Work to be completed: Total the lines of the entries below that hold the string "landscaping", then write only that total.

----

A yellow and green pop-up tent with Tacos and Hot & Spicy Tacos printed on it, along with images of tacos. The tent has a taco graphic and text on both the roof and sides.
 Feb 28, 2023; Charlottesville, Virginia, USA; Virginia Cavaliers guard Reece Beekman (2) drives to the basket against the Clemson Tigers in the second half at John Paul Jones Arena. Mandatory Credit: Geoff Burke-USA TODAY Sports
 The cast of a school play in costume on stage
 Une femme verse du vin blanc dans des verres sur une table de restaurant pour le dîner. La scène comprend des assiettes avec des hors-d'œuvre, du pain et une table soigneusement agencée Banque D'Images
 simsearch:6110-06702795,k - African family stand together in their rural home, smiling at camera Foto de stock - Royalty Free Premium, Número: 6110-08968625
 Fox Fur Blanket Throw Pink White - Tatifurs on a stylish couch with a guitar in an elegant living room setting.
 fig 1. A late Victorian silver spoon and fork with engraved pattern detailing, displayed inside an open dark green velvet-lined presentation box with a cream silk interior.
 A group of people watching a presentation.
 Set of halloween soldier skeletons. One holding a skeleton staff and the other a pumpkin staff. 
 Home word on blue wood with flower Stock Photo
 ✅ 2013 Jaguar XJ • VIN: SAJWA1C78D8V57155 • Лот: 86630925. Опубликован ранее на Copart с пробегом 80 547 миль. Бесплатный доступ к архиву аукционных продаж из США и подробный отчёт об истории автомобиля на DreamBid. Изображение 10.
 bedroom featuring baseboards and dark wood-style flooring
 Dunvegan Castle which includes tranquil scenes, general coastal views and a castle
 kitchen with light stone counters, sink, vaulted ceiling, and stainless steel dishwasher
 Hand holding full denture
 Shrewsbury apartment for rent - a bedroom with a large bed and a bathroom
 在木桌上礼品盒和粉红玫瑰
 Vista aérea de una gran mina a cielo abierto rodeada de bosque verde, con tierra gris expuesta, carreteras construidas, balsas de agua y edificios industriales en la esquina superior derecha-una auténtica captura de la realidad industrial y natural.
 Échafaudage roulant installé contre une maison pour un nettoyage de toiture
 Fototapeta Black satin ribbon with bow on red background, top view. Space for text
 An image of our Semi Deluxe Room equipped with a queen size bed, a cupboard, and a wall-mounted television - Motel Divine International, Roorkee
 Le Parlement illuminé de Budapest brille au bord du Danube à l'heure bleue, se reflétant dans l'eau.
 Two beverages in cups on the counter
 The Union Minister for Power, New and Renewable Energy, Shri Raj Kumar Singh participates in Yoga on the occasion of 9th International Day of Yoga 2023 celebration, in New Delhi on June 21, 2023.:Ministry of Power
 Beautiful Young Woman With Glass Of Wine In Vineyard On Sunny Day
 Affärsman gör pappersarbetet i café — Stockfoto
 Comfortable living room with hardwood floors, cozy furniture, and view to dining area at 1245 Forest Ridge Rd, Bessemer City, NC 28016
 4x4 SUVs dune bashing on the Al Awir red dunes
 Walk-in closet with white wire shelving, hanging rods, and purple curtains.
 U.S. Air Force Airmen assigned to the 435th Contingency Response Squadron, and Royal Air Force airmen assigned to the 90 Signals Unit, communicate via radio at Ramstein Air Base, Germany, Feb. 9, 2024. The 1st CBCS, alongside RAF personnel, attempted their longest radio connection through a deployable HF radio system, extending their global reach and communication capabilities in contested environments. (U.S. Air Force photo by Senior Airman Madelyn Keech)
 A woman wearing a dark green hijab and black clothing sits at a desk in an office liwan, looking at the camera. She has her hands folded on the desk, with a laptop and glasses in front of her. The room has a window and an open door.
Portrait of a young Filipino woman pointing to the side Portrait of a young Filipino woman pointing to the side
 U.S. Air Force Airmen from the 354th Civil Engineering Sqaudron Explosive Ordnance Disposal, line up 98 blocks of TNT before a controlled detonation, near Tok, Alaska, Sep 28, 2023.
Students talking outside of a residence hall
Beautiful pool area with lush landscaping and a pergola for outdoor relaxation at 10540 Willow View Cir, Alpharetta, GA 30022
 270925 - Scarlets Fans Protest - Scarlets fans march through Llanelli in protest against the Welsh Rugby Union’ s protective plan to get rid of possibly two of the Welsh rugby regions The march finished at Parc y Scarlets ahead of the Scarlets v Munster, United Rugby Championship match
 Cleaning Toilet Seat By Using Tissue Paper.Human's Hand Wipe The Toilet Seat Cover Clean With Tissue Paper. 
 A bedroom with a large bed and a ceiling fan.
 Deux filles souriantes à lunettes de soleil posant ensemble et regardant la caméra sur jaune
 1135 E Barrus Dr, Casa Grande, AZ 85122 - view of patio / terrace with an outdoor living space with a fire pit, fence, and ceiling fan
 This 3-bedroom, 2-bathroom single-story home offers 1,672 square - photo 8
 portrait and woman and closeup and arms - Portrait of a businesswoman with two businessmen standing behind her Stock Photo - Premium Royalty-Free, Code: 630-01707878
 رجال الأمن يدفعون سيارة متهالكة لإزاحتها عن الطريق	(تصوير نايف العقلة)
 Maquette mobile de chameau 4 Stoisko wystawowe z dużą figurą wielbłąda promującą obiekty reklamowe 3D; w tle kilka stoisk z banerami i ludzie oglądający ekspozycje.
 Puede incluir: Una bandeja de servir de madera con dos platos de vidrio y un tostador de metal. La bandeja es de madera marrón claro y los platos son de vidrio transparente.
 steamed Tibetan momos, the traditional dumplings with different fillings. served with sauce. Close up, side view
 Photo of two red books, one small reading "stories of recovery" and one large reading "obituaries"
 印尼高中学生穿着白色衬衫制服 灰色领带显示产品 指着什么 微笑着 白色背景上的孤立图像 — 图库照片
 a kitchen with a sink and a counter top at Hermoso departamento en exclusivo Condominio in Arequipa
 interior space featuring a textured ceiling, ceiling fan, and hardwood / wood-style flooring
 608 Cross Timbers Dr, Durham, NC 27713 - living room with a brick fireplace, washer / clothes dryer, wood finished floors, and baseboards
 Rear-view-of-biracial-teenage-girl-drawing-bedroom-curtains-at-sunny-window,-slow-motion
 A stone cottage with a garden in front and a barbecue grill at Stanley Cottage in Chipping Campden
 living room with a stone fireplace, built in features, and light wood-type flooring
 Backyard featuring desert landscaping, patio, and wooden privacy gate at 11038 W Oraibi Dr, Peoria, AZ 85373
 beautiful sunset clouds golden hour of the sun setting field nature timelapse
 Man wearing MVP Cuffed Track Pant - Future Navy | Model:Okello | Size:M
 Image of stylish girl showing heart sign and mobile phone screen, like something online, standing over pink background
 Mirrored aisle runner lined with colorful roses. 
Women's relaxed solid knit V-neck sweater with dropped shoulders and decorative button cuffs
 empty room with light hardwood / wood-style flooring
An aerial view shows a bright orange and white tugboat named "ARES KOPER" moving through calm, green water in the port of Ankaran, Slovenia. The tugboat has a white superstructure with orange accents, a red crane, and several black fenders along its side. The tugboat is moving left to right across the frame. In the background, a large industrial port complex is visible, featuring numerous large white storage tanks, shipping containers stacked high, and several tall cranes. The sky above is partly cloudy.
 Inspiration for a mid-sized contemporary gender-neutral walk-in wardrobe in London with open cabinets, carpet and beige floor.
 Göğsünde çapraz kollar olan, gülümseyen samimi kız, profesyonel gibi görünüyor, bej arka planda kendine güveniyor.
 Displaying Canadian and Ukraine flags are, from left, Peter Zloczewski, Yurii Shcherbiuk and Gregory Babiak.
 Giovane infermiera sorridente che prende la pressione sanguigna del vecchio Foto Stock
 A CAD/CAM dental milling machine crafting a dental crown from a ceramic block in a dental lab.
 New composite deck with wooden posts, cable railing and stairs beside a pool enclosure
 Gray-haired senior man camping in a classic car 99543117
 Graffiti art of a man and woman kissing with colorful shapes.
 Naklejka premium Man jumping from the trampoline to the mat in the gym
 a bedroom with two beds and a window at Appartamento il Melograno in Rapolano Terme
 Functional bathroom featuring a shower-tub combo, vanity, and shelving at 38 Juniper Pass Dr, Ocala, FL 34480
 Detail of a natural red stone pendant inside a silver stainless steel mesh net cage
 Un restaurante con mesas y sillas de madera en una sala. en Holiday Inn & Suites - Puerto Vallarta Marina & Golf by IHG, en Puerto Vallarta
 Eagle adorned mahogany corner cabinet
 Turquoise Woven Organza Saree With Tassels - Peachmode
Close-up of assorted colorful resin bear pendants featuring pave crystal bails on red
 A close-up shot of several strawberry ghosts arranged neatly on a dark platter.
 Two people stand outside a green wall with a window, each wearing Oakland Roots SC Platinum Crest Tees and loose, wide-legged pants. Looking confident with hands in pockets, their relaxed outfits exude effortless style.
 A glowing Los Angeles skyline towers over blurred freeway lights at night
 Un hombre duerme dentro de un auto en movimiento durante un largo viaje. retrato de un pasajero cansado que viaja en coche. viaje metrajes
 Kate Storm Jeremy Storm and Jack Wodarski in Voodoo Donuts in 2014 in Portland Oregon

----

Finished exercise: 2